Ген. Кононович говорил мне, что он хочет обрусить сахалинских гиляков. Не знаю, для чего это нужно. Впрочем, обрусение началось еще задолго до приезда генерала. Началось оно с того, что у некоторых чиновников, получающих даже очень маленькое жалованье, стали появляться дорогие лисьи и собольи шубы, а в гиляцких юртах появилась русская водочная посуда[54]; затем гиляки были приглашены к участию в поимке беглых, причем за каждого убитого или пойманного беглого положено было денежное вознаграждение. Ген. Кононович приказал нанимать гиляков в надзиратели; в одном из его приказов сказано, что это делается ввиду крайней необходимости в людях, хорошо знакомых с местностью, и для облегчения сношений местного начальства с инородцами; на словах же он сообщил мне, что это нововведение имеет целью также и обрусение. Сначала были утверждены в звании тюремных надзирателей гиляки Васька, Ибалка, Оркун и Павлинка (приказ № 308-й 1889 г.), затем Ибалку и Оркуна уволили «за продолжительную неявку за получением распоряжений» и утвердили Софронку (приказ № 426-й 1889 г.). Я видел этих надзирателей; у них бляхи и револьверы. Из них особенно популярен и чаще всех попадается на глаза гиляк Васька, ловкий, лукавый и пьяный человек. Однажды, придя в лавку колонизационного фонда, я встретил там целую толпу интеллигентов; у дверей стоял Васька; кто-то, указывая на полки с бутылками, сказал, что если всё это выпить, то можно быть пьяным, и Васька подобострастно ухмыльнулся и весь засиял радостью подхалима. Незадолго до моего приезда гиляк-надзиратель по долгу службы убил каторжного, и местные мудрецы решали вопрос о том, как он стрелял — спереди или сзади, то есть отдавать гиляка под суд или нет.

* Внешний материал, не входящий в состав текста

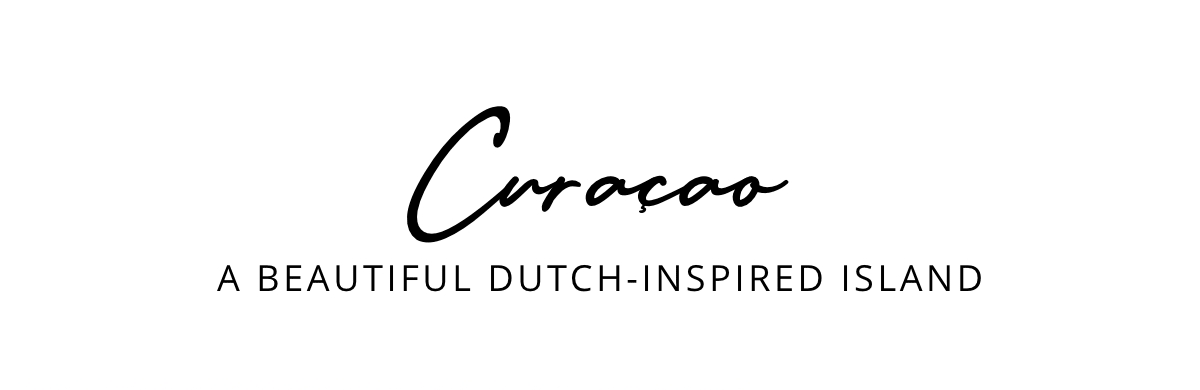 Curacao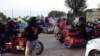 dscf6537_small.jpg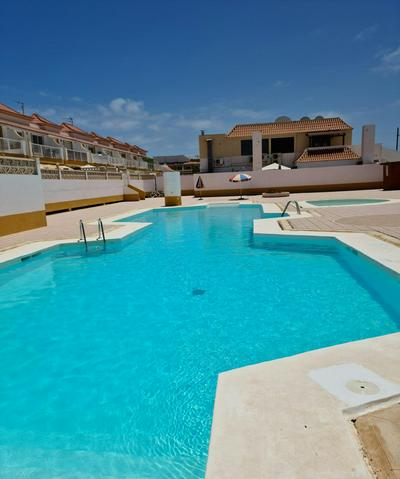 Casa Mia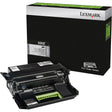 LEXMARK Printers/Printer Ink and Toners Lexmark Imaging Unit Return Program Yield 100,000 Pages 52D0Z00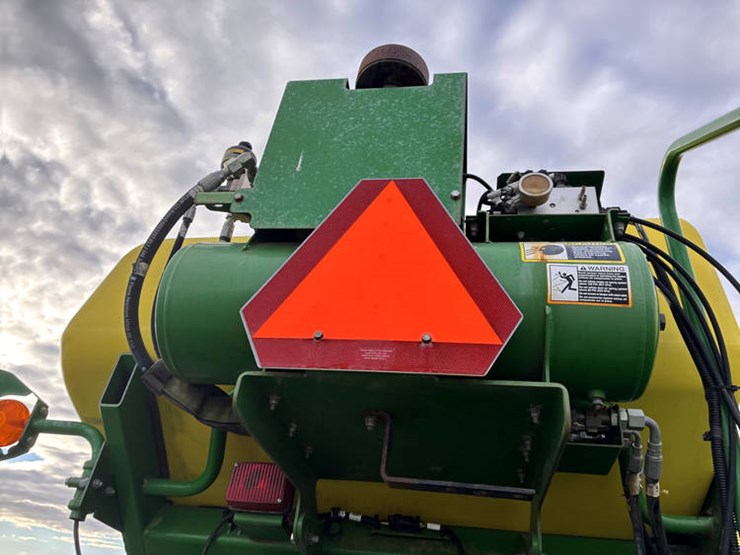 2018-john-deere-1795-image-69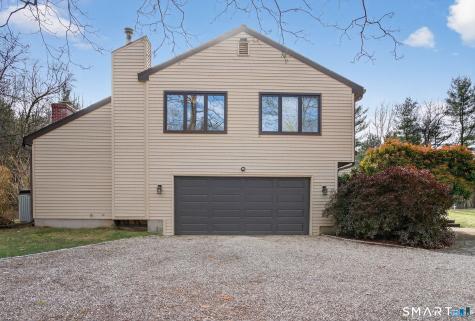 36 North Farms Road Avon CT 06001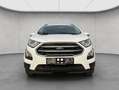 Ford EcoSport Ecosport Blanc - thumbnail 9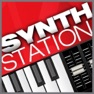 Get SynthStation for iOS, iPhone, iPad Aso Report
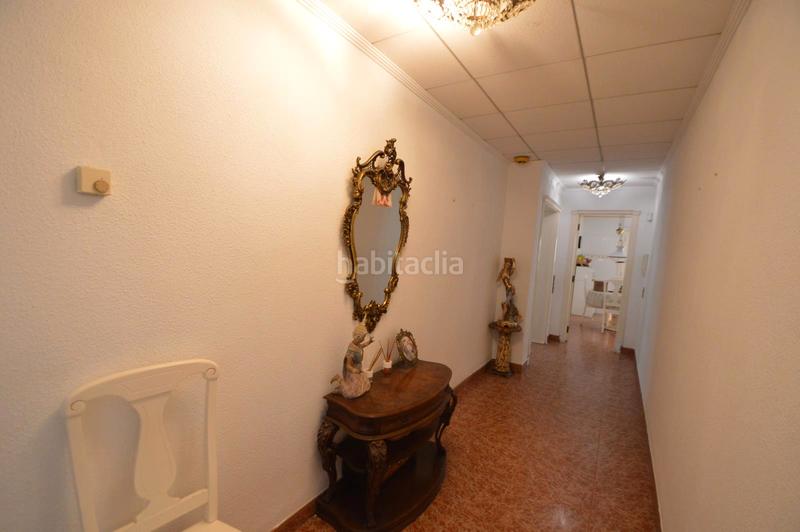 Foto b876610e-eb8e-4606-853d-d55f1fc3148a. Chalet villa en venta en costa sur en Les Salines Vinaròs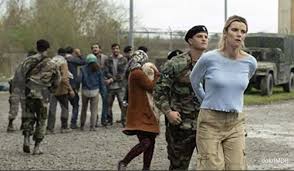 We did not find results for: 2 Film Bioskop Terbaru Yang Tayang Di Xxi Dan Cgv Pekan Ini 15 21 Februari 2021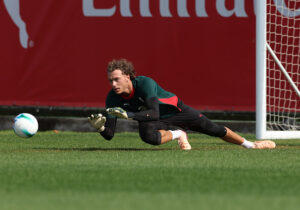 di-padre-in-figlio-se-rossoneri-emeglio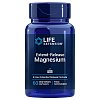 EXTEND-Release Magnesium 250 mg Kapseln - 60Stk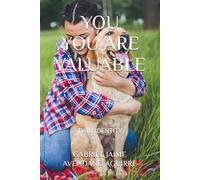 YOU YOU ARE VALUABLE: TWIN IDENTITY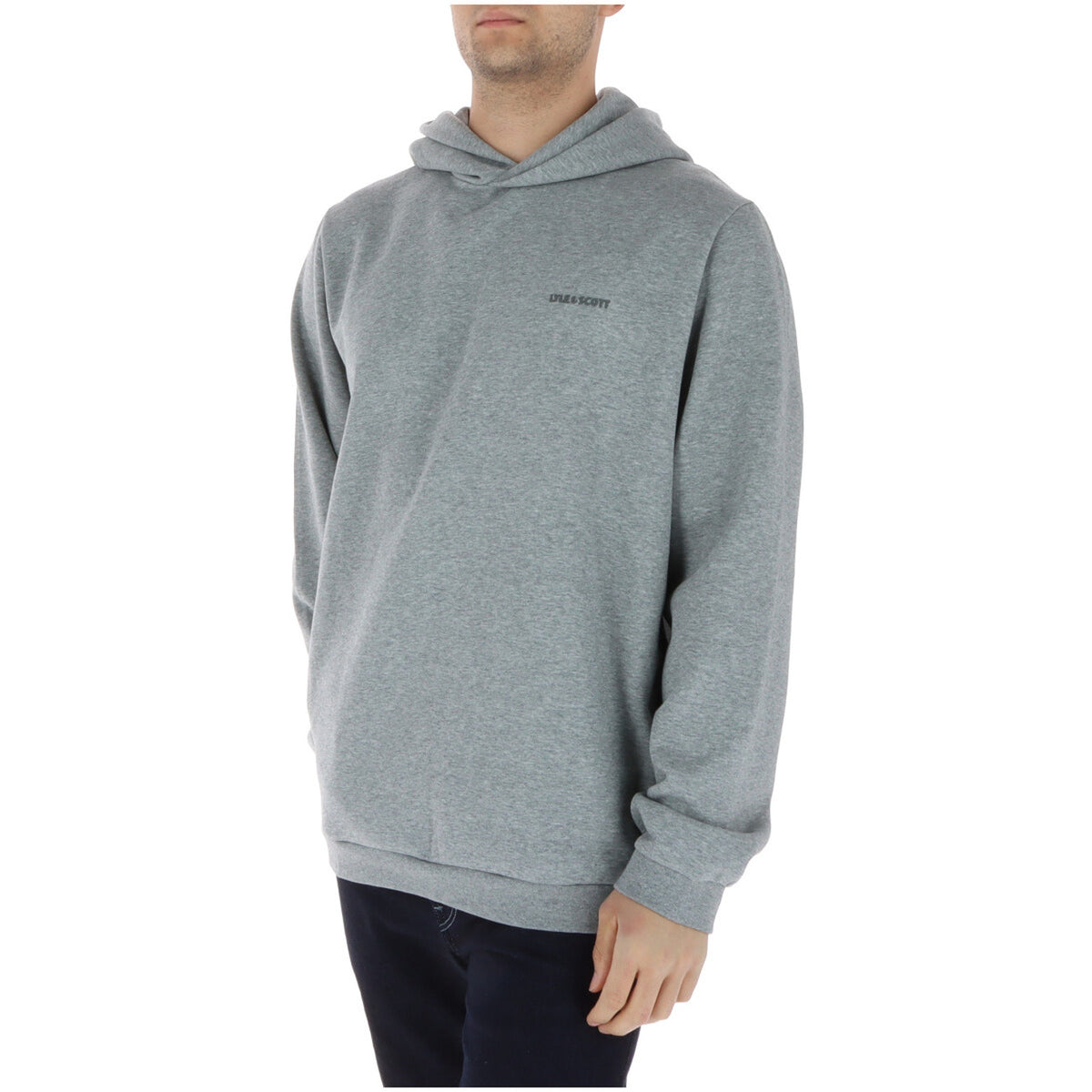 Lyle & Scott - Lyle & Scott Jumper Men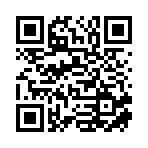 广西福满家家居用品有限公司移动站二维码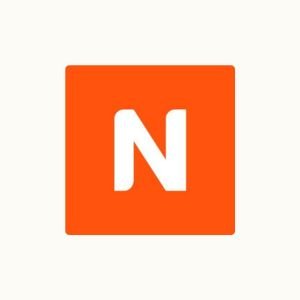 Nexudus
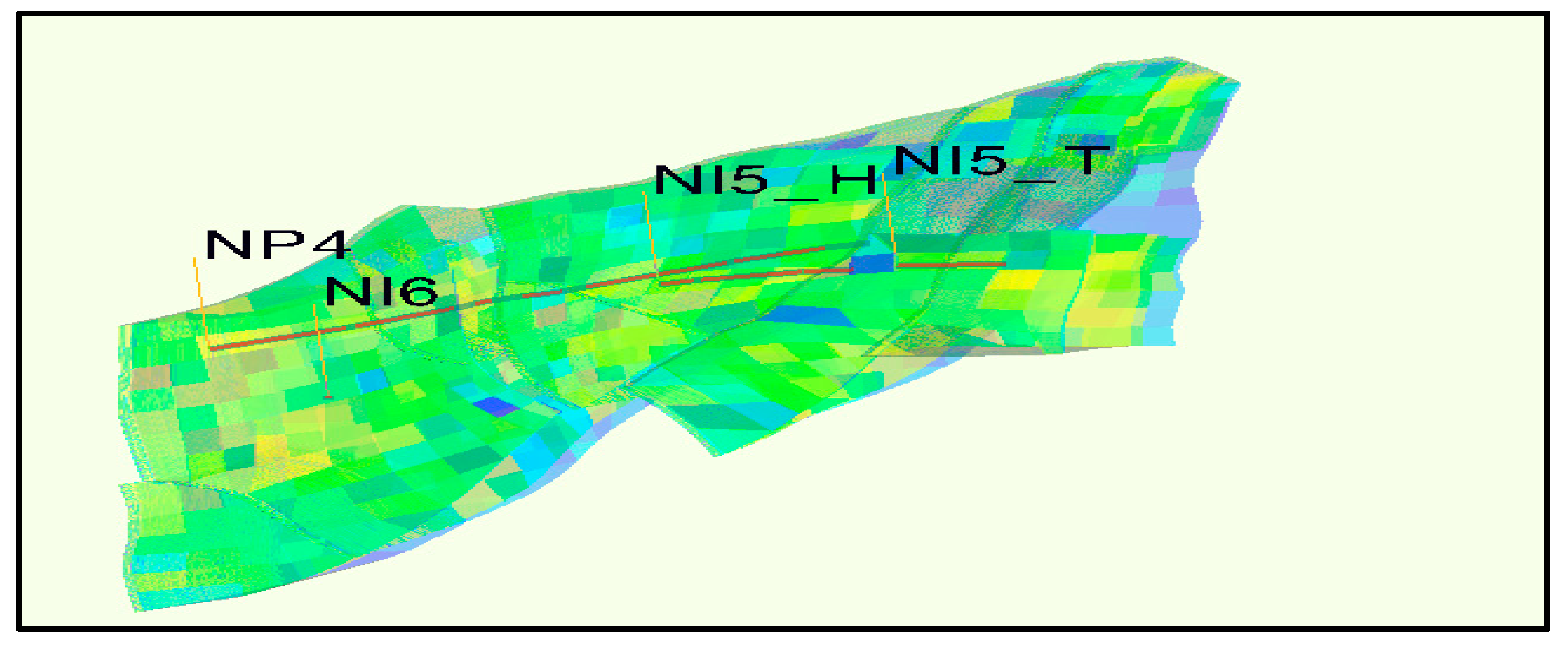 Energies 13 03001 g017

Что близость к тюрьме не обрусит, а лишь вконец развратит гиляков, доказывать не нужно. Они далеки еще до того, чтобы понять наши потребности, и едва ли есть какая-нибудь возможность втолковать им, что каторжных ловят, лишают свободы, ранят и иногда убивают не из прихоти, а в интересах правосудия; они видят в этом лишь насилие, проявление зверства, а себя, вероятно, считают наемными убийцами[55]. Если уж необходимо обрусить и нельзя обойтись без этого, то, я думаю, при выборе средств для этого надо брать в расчет прежде всего не наши, а их потребности. Вышеупомянутый приказ о разрешении принимать инородцев в окружной лазарет, выдача пособий мукой и крупой, как было в 1886 г., когда гиляки терпели почему-то голод, и приказ о том, чтоб у них не отбирали имущества за долг, и прощение самого долга (приказ 204-й 1890 г.). — подобные меры, быть может, скорее приведут к цели, чем выдача блях и револьверов.
Кроме гиляков, в Сев. Сахалине проживают еще в небольшом числе
XII
10 сентября я уже опять был на знакомом читателю «Байкале», чтобы на этот раз плыть в Южный Сахалин. Уезжал я с большим удовольствием, так как север мне уже наскучил и хотелось новых впечатлений. «Байкал» снялся с якоря в десятом часу вечера. Было очень темно. Я стоял один на корме и, глядя назад, прощался с этим мрачным мирком, оберегаемым с моря Тремя Братьями, которые теперь едва обозначались в воздухе и были похожи впотьмах на трех черных монахов; несмотря на шум парохода, мне было слышно, как волны бились об эти рифы. Но вот Жонкиер и Братья остались далеко назади и исчезли впотьмах — навсегда для меня; шум бьющихся волн, в котором слышалась бессильная, злобная тоска, мало-помалу затих… Проплыли верст восемь — и на берегу заблестели огни: это была страшная Воеводская тюрьма, а еще немного — показались огни Дуэ. Но скоро и это всё исчезло, и остались лишь потемки да жуткое чувство, точно после дурного, зловещего сна.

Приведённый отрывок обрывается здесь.